Multithreaded Capture Signals

I have a large program that should be made as elastic as possible and has a large number of threads. I need to catch all the SIGBUS SIGSEGV signals and, if necessary, reinitialize the problem stream or disconnect the stream to continue with reduced functionality.

My first thought is to do setjump , and then install signal handlers that can log the problem, and then do longjump back to the restore point in the stream. The problem is that the signal handler will have to determine which stream the signal is coming from, use the appropriate transition buffer, since jumping back to the wrong stream will be useless.

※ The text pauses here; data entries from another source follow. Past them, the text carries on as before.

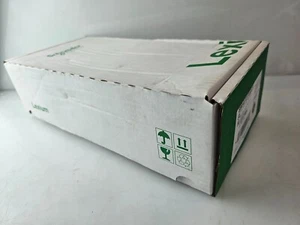 SERVOMOTOR DE AIRE ACONDICIONADO SCHNEIDER BMH0701P06A2A ENVÍO RÁPIDO GRATUITO - Imagen 1 de 5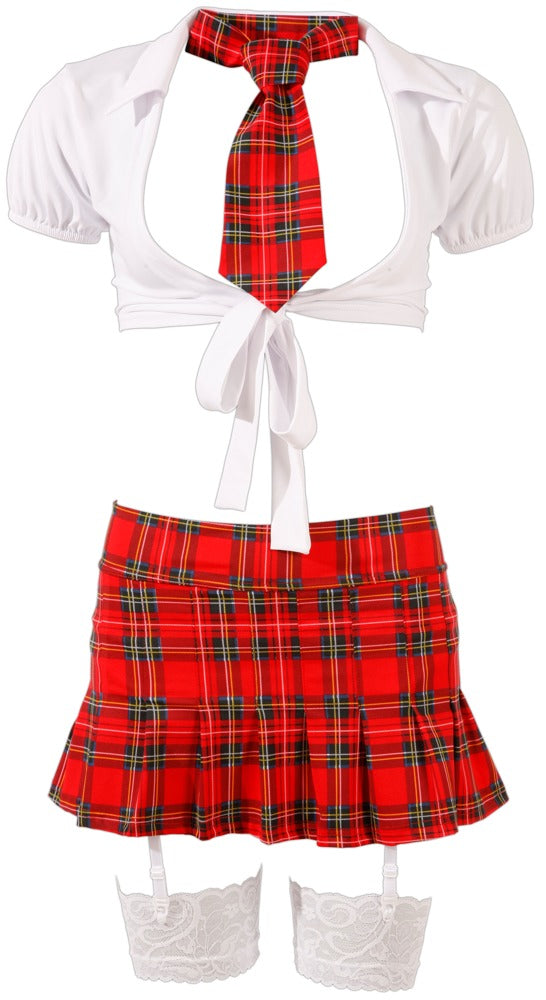24703653021-4-Schuluniform-Kostüm-4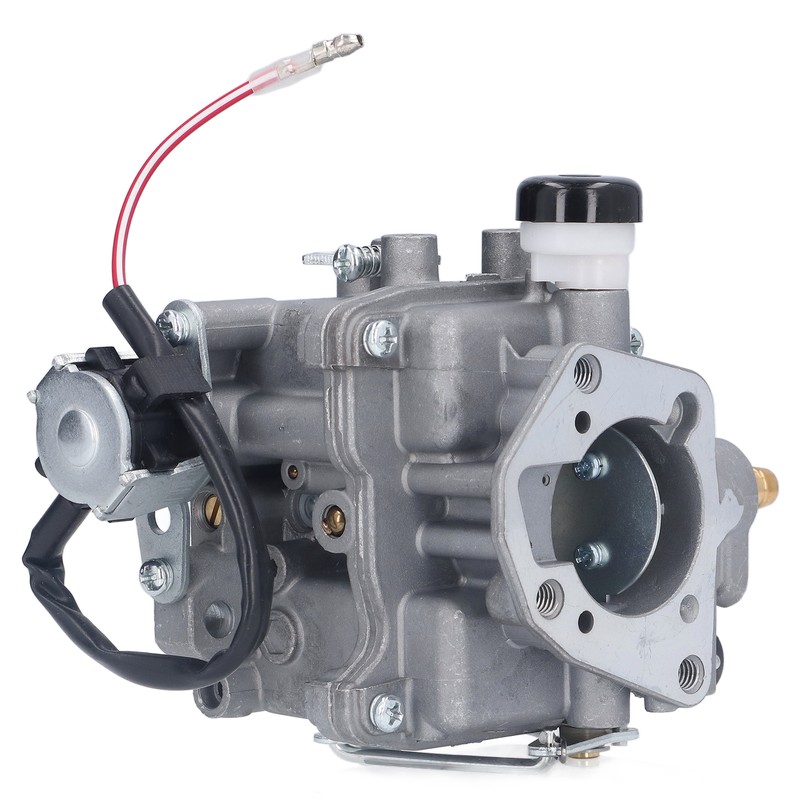 2485359 2485359s Lawn Mower Carburetor Kit Aluminum Lawn Mower Replacement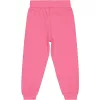 Civil Pink kislány melegítőnadrág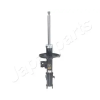 JAPANPARTS lengéscsillapító MM-80003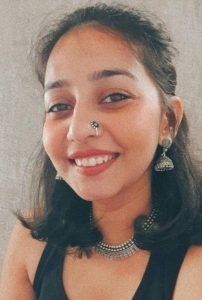 rupal nand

Does anyone know how to detect an abusive thread in a signal handler?

+6
source share
3 answers

Using syscall(SYS_gettid) works for me in my Linux box: gcc pt.c -lpthread -Wall -Wextra

 //pt.c #define _GNU_SOURCE #include <stdio.h> #include <pthread.h> #include <unistd.h> #include <sys/syscall.h> #include <setjmp.h> #include <signal.h> #include <string.h> #include <ucontext.h> #include <stdlib.h> static sigjmp_buf jmpbuf[65536]; static void handler(int sig, siginfo_t *siginfo, void *context) { //ucontext_t *ucontext = context; pid_t tid = syscall(SYS_gettid); printf("Thread %d in handler, signal %d\n", tid, sig); siglongjmp(jmpbuf[tid], 1); } static void *threadfunc(void *data) { int index, segvindex = *(int *)data; pid_t tid = syscall(SYS_gettid); for(index = 0; index < 500; index++) { if (sigsetjmp(jmpbuf[tid], 1) == 1) { printf("Recovery of thread %d\n", tid); continue; } printf("Thread %d, index %d\n", tid, index); if (index % 5 == segvindex) { printf("%zu\n", strlen((char *)2)); // SIGSEGV } pthread_yield(); } return NULL; } int main(void) { pthread_t thread1, thread2, thread3; int segvindex1 = rand() % 5; int segvindex2 = rand() % 5; int segvindex3 = rand() % 5; struct sigaction sact; memset(&sact, 0, sizeof sact); sact.sa_sigaction = handler; sact.sa_flags = SA_SIGINFO; if (sigaction(SIGSEGV, &sact, NULL) < 0) { perror("sigaction"); return 1; } pthread_create(&thread1, NULL, &threadfunc, (void *) &segvindex1); pthread_create(&thread2, NULL, &threadfunc, (void *) &segvindex2); pthread_create(&thread3, NULL, &threadfunc, (void *) &segvindex3); pthread_join(thread1, NULL); pthread_join(thread2, NULL); pthread_join(thread3, NULL); return 0; } 

To be more portable pthread_self can be used. It is safe for asynchronous signal.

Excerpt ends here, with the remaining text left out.